撤去したコーキング材は、適切に処分されます。
- STEP
目地の清掃
コーキング材を撤去した後、目地の中に残った汚れやほこり、古いコーキングの残骸を完全に清掃します。
ブラシや専用の清掃道具を使い、目地をきれいにします。
この清掃作業を怠ると、新しいコーキング材が密着せず、防水性能が十分に発揮されません。
見えない作業ですが、非常に重要な工程です。
- STEP
プライマーの塗布
清掃が完了したら、コーキング材の密着性を高めるためのプライマー(下塗り材)を塗布します。
プライマーは、コーキング材と外壁材を強固に接着させる接着剤の役割を果たします。
プライマーが完全に乾燥するまで待つことも重要です。
乾燥時間を十分に取らないと、密着不良の原因になるため、天候や気温に応じて適切な時間を確保します。
- STEP
新しいコーキング材の充填
コーキングガンを使い、新しいコーキング材を目地に充填します。
この際、空気が入らないよう、また材料が不足しないよう、適切な量を均一に注入することが大切です。
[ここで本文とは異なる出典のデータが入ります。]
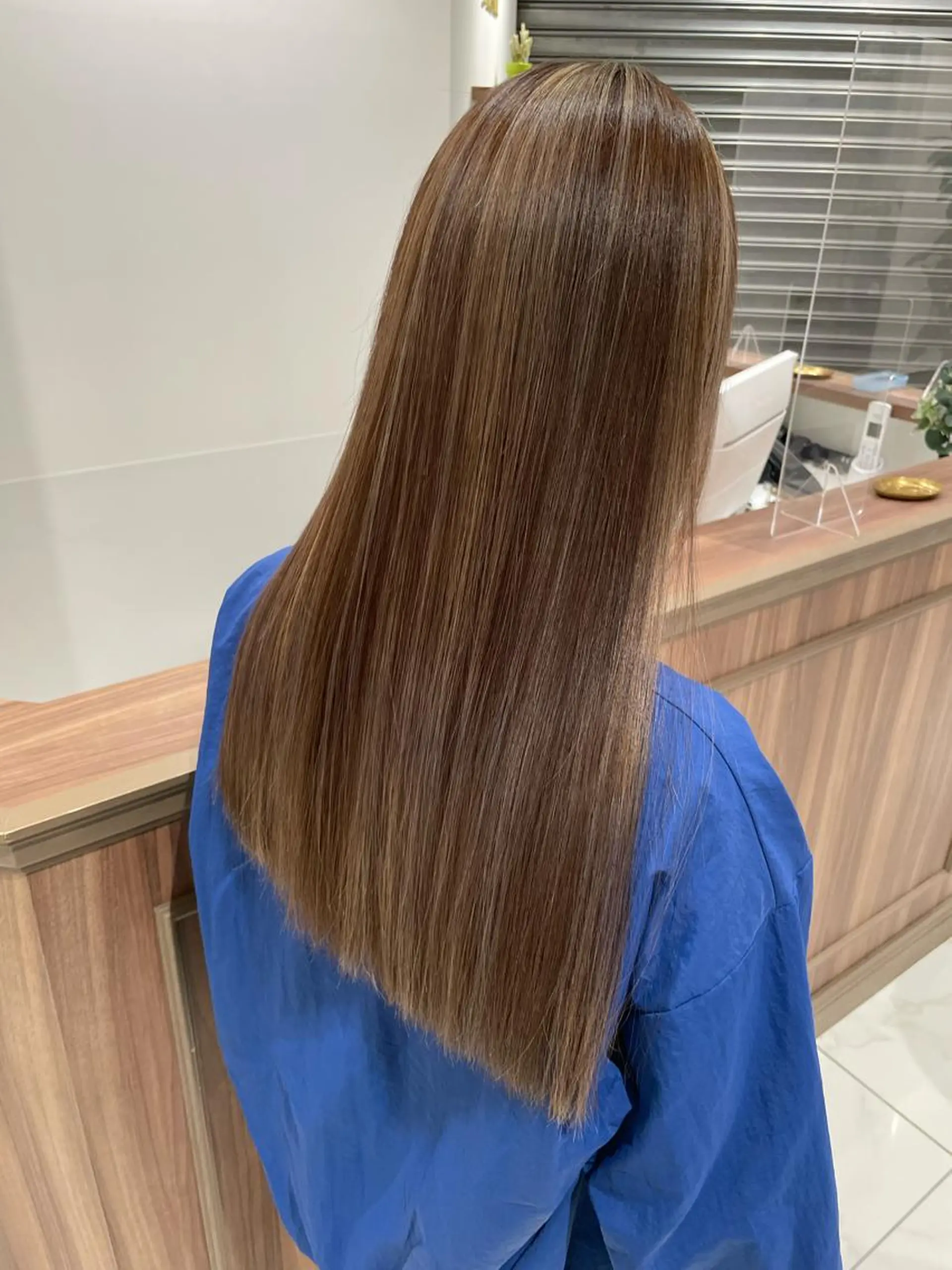 セミロング カラー ヘアアレンジ ブリーチ ケアブリーチ ダブルカラー イヤリングカラー ハイライトカラー ヘアカラー トリートメント 🇰🇷韓国ヘア★ 副店長.쿠리타⭐︎のヘアスタイル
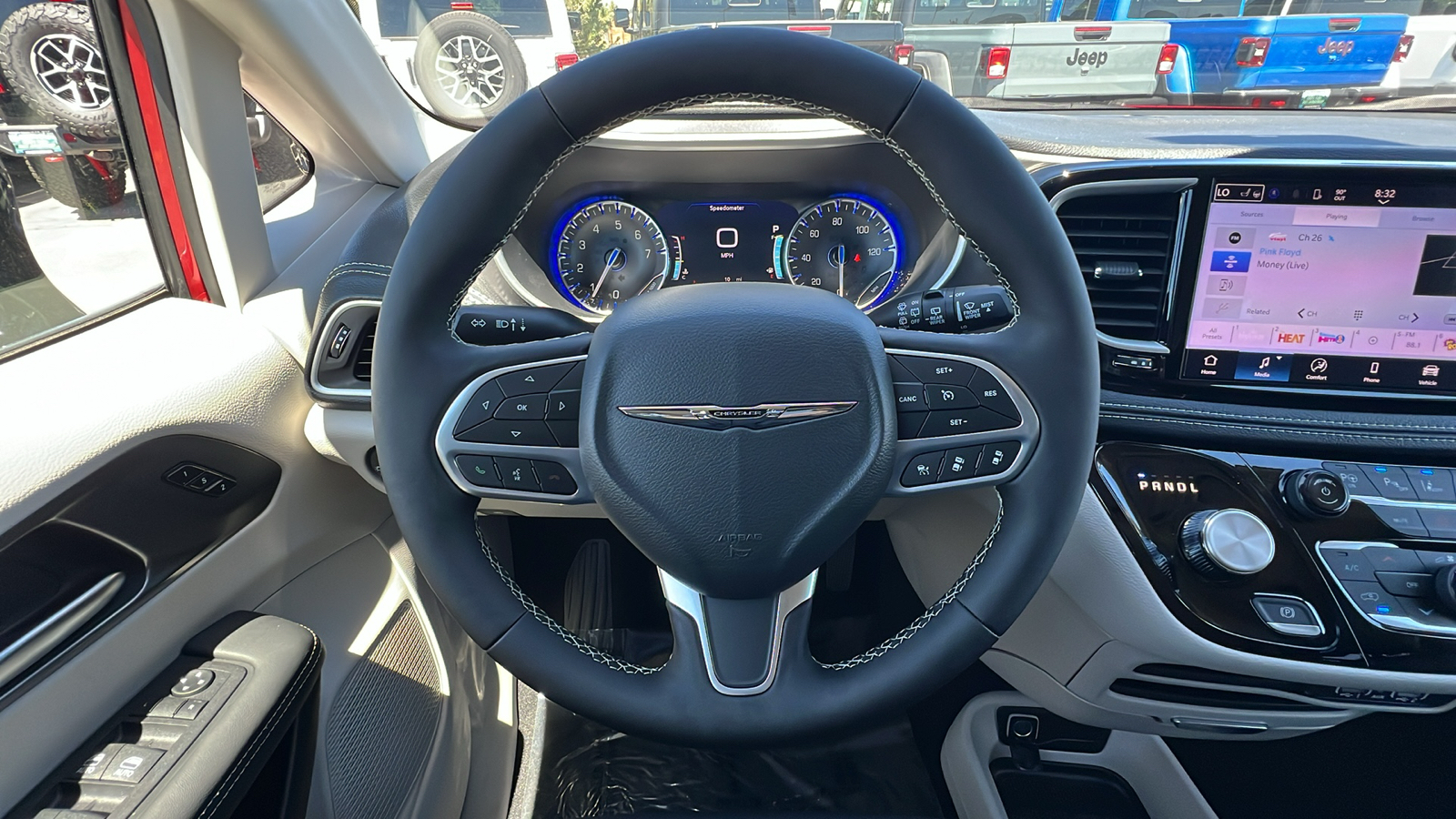 2024 Chrysler Pacifica Touring L 15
プロの職人は、一定の速度とリズムで充填することで、ムラのない美しい仕上がりを実現します。
- STEP
ヘラで表面を整える
充填したコーキング材を、専用のヘラで表面を滑らかに整えます。
この作業を「ヘラ押さえ」といい、見た目の美しさだけでなく、防水性能を高める効果もあります。
余分なコーキング材を取り除き、目地の形状に合わせて平滑に仕上げます。
この仕上げの丁寧さが、工事品質を左右します。
- STEP
養生テープの撤去と確認
コーキング材がまだ柔らかいうちに、マスキングテープを慎重に剥がします。
タイミングを誤ると、コーキング材が一緒に剥がれてしまうため、経験が必要な作業です。
その後、施工箇所全体を確認し、仕上がりに問題がないかチェックします。
コーキング材は通常、2〜3日以上かけて完全に硬化するため、この間は触れないよう注意が必要です。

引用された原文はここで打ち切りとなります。